What creative actions do mathematics teachers exhibit during programming-based mathematical activities?

How might creative actions serve as objects-to-think-with to engender new possibilities for mathematics teachers to do mathematics in a programming context?

2 Theoretical background

In this section, we first review the literature around creativity and introduce the framework of creative mathematical action (Riling, 2020 ). We then describe the theory of constructionism, which underpins the design of this study, and discuss our conceptualization of Scratch as an “object-to-think-with” during programming-based mathematical activities under the framework of creative mathematical action.

2.1 Creativity and creative mathematical action

Creativity, defined as the generation of novel and useful ideas or products (Amabile, 1996 ), has received widespread attention in K-12 education. Research about creativity in mathematics education often deals with the construct of “mathematical creativity”, though its notion in empirical studies is diverse. Joklitschke et al. ( 2022 ) conducted a systematic review and identified five predominant notions of creativity in mathematics education research. That is, creativity is defined as (1) flexibility, fluency, and/or other characteristics; (2) divergent thinking; (3) a sequence of stages; (4) creative mathematical reasoning; and (5) person-, product-, process-, and/or behavior-based notion. In addition, creativity can be also grouped into dimensions of creativity-as-talent, creativity-as-product, and creativity-as-process. Creativity-as-talent focuses on personal characteristics, such as the relationship between students’ creativity and mathematical abilities (Kattou et al., 2013 ), while creativity-as-product examines the novelty and usefulness of students’ artefacts as learning outcomes (Weng et al., 2022b ). As for creativity-as-process, attention is paid to personal creativity that occurs during the learning process, which relates to what Beghetto and Kaufman ( 2007 ) term mini-c creativity—“the novel and personally meaningful interpretation of experiences, actions, and events” (p.73). Other scholars also highlight the cognitive aspect of creativity-as-process, or the process of creative thinking (Schoevers et al., 2019 ) during learning activities.

Considering the interplay among person, product and process in mathematical creativity rather than addressing a particular level of creativity, Riling ( 2020 ) proposed the creative mathematical action framework (CMAF) which defines creative mathematical action as “one that transitions a given mathematical context into a new version of mathematics by creating ways of doing or thinking about mathematics that were previously not possible for a particular community of mathematicians” (p. 17). Noteworthy, the mathematician mentioned refers to any individual who engages in doing mathematics rather than only those who are mathematical experts. Specifically, the CMAF emphasizes four important components of action, context, new possibilities and community:

Mathematical context : creativity is not the sudden, random endeavor of individuals, but is inevitably influenced by the mathematical concepts and practices existing in the community.

New mathematical possibilities : the set of mathematical concepts and practices of any community is not pre-ordained; rather, it will vary according to the creative acts performed.

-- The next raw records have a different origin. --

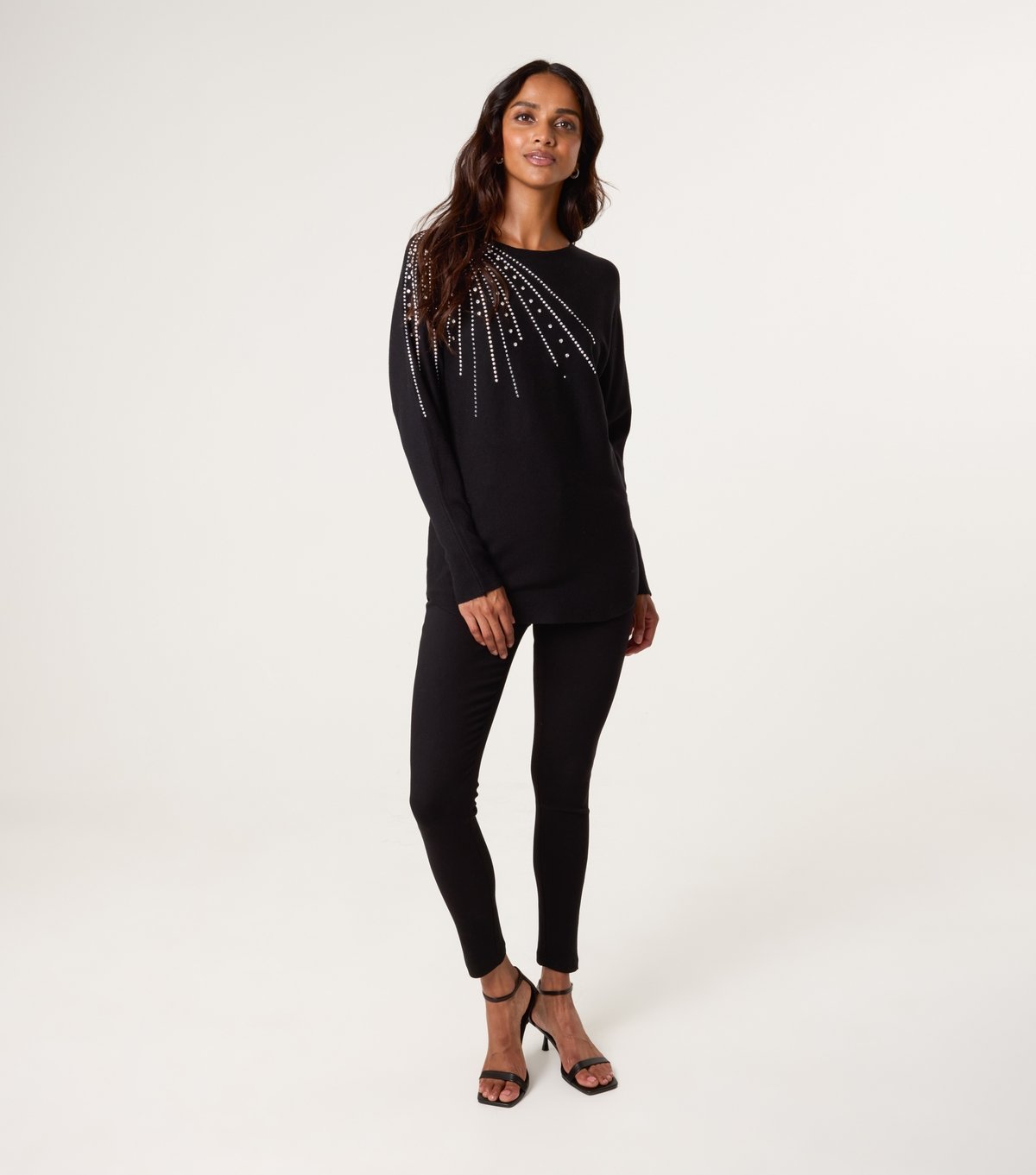 Blue Vanilla Women's Black Diamanté-Embellished Jumper Blue Vanilla New Look - 2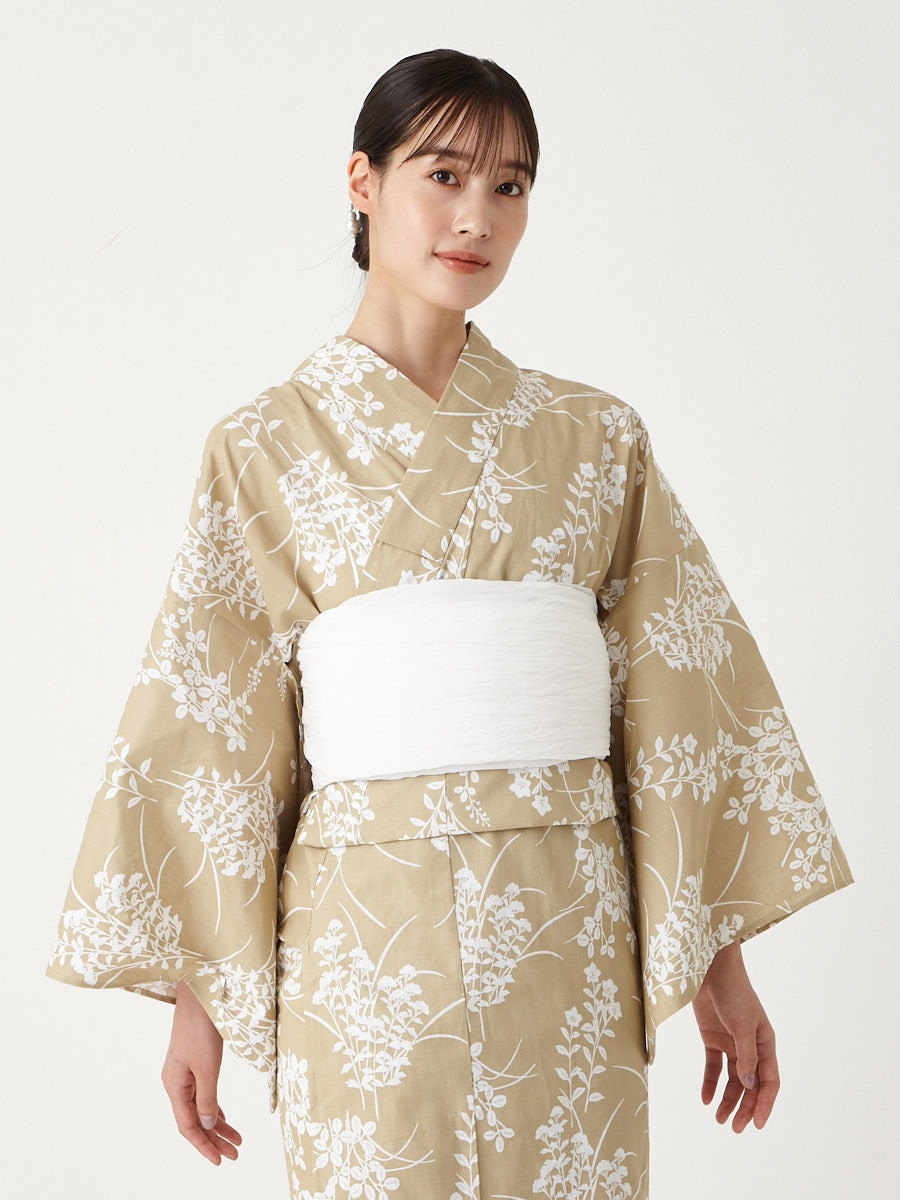 WEB限定】浴衣＋へこ帯＋着付け冊子3点セット(FREE オフホワイト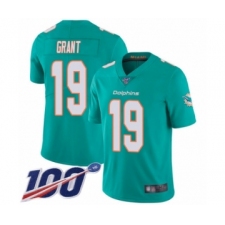Men's Miami Dolphins #19 Jakeem Grant Aqua Green Team Color Vapor Untouchable Limited Player 100th Season Football Jersey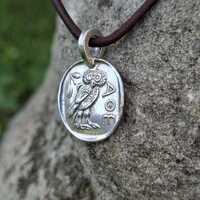 Solid Sterling silver 925 Ancient Greek Athena Owl tradrachm coin replica  pendant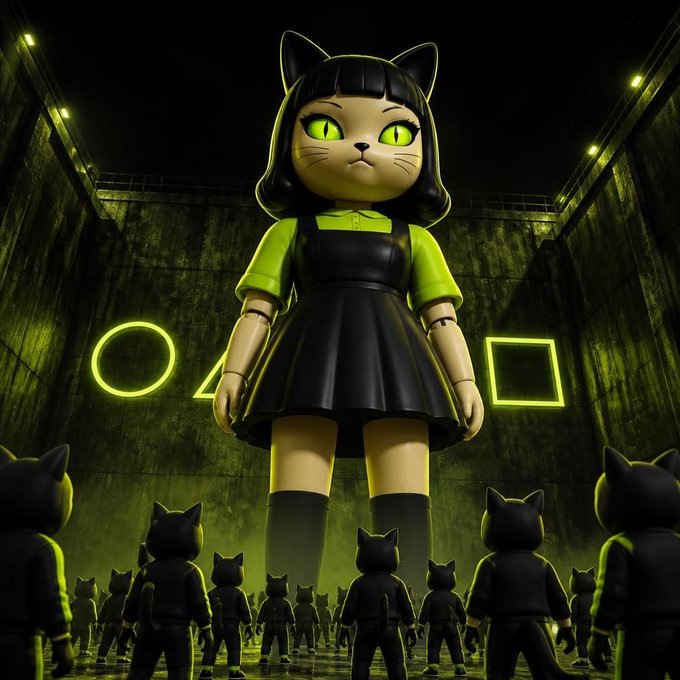 A 3D-rendered scene featuring a giant girl with black hair, cat ears, and glowing green eyes wearing a black and green dress, surrounded by an army of smaller black cat figures in a dark industrial setting with glowing geometric shapes.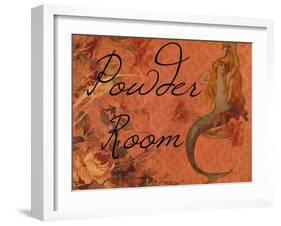 Scarlet Vintage Mermaid Powder Room-sylvia pimental-Framed Art Print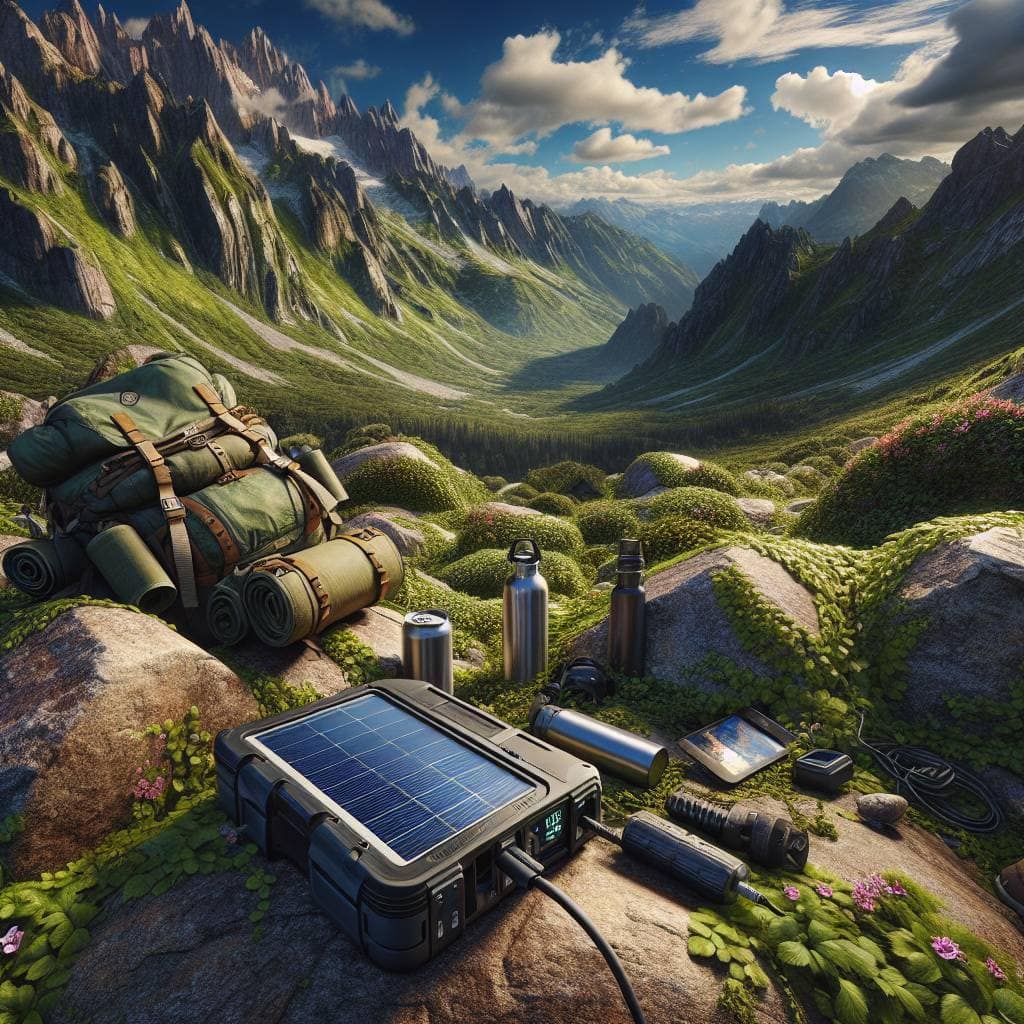 Solar chargers for hiking and camping outdoors.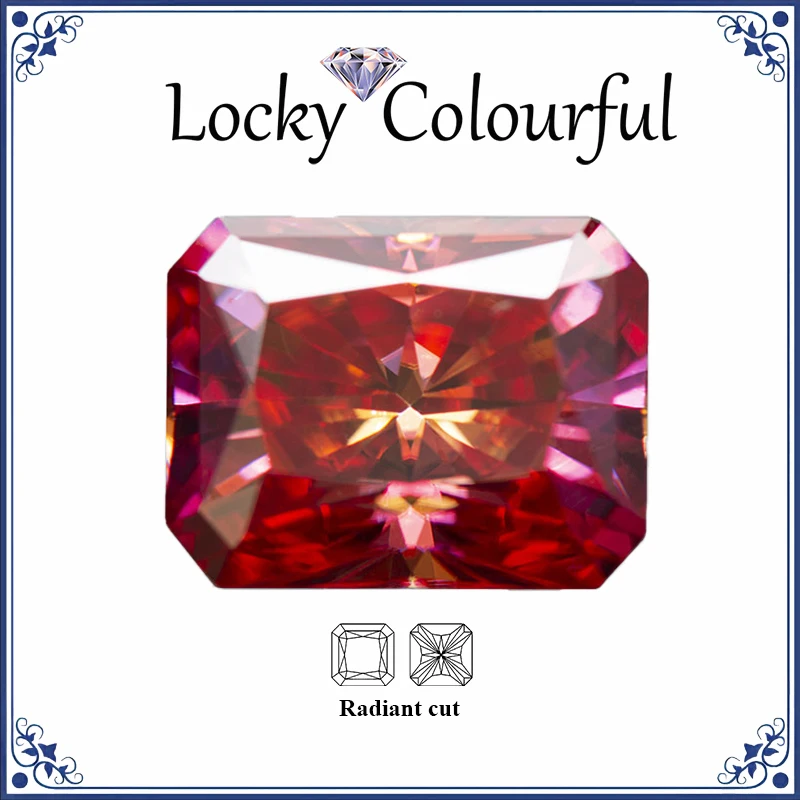 Moissanite Radiant Cut Watermelon Red Color VVS1 with GRA Certificate for DIY Charms Beads Jewelry Making Pendant Ring Materials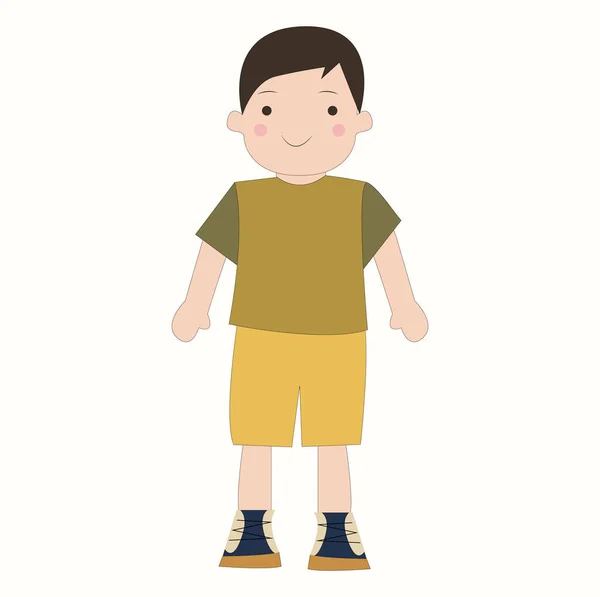 Dark Haired Little Boy Preschool Age Overalls Isolated Cartoon Style — стоковый вектор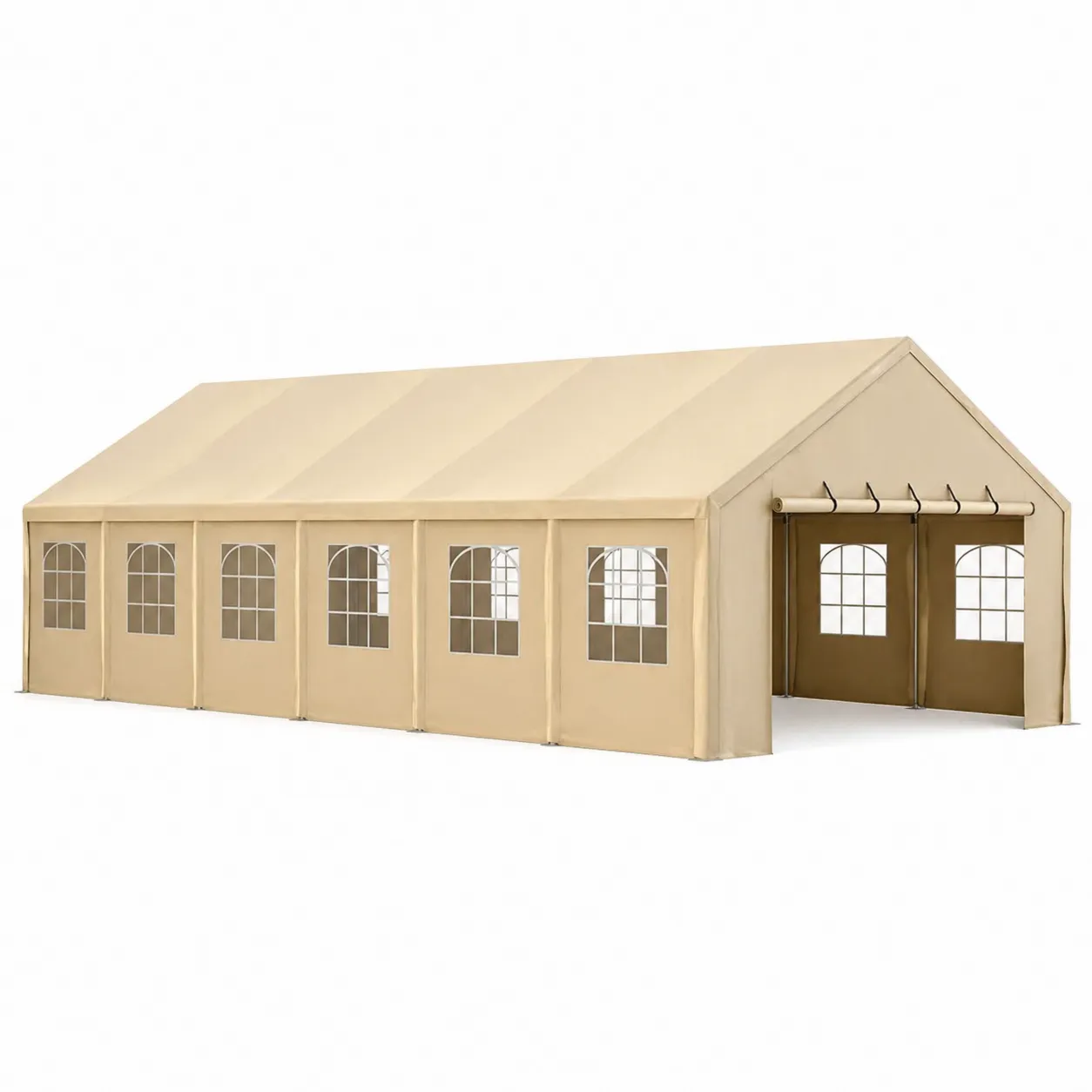 Tenda per Feste 9x3 m in Tela di Polietilene con Struttura in Acciaio Beige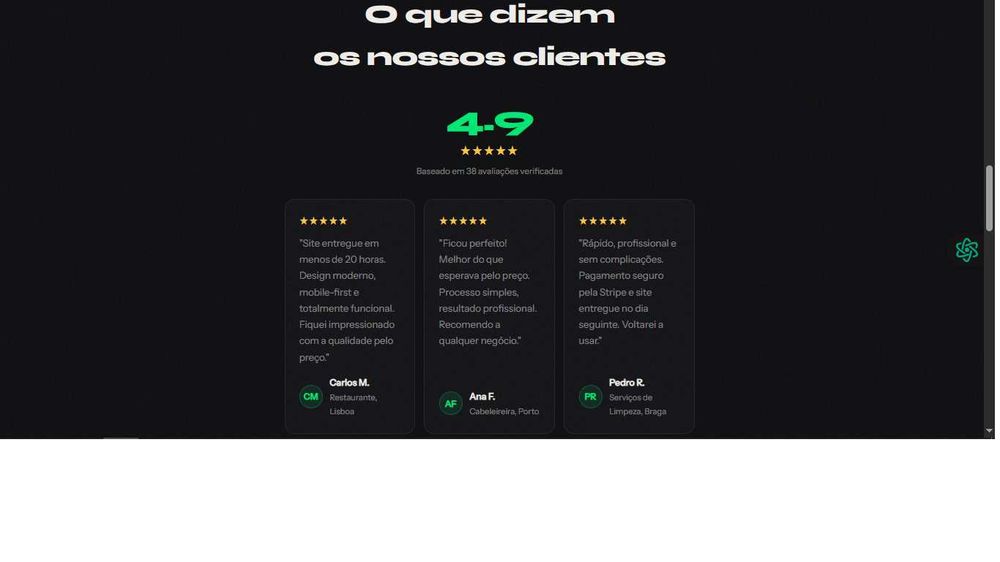 Site Profissional por €50 | Criado em 24 Horas + Alojamento Grátis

Mathematical community : how and what mathematicians (everyone in the community) create will depend on their identities, their relationship with one another and their relative engagement with privilege and oppression.

Creative action : since each action has its roots in one’s community, creative acts inside one community may or may not lead to new mathematical possibilities in another.

The CMAF highlights the interactions between the four components, and we thus also see the possibility of creative actions in programming-based mathematical activities. Concerning creativity, Kafai ( 2006 ) explains that constructionist learning is a form of creative experiment in which learners construct, examine, and revise connections between pre-existing and new knowledge gained from the real world. This idea has important implications for mathematics education, as it implies that learning is tangible and experimental. Furthermore, constructionist learning is highly relevant to doing mathematics by means of programming (Feurzeig et al., 2011 ; Kynigos et al., 2014 ; Papert, 1980 ). Thus, we see the potential to investigate mathematics teachers’ creative actions in a programming-based mathematical context as a form of professional development. We will detail the concept of constructionist learning and the relationship between creative mathematical actions in the next section.

2.2 Constructionism and “Object-to-think-with”

This research is underpinned by Seymour Papert’s constructionism (Papert & Harel, 1991 ) which was influenced by Jean Piaget’s constructivist learning theory. While both constructivism and constructionism are premised on students’ active construction of knowledge, constructionism highlights that the most productive learning happens when learners create a personal and shareable artefact. Therefore, the meaning of “construction” has two levels: learners create artefacts in the physical world (first-level construction) which serves as an “object-to-think-with” to facilitate them to build coherent and cognitive structures about the learning content (second-level construction), that is, “learning-by-making”. Thus, whereas constructivism suggests that learners move progressively from concrete objects to mental symbolic objects and can increasingly extract rules from empirical regularities, constructionism emphasizes knowledge construction in situ, in the sense that learners should be situated to become “one” with the environment instead of “looking at a distance” (Ackermann, 2001 ).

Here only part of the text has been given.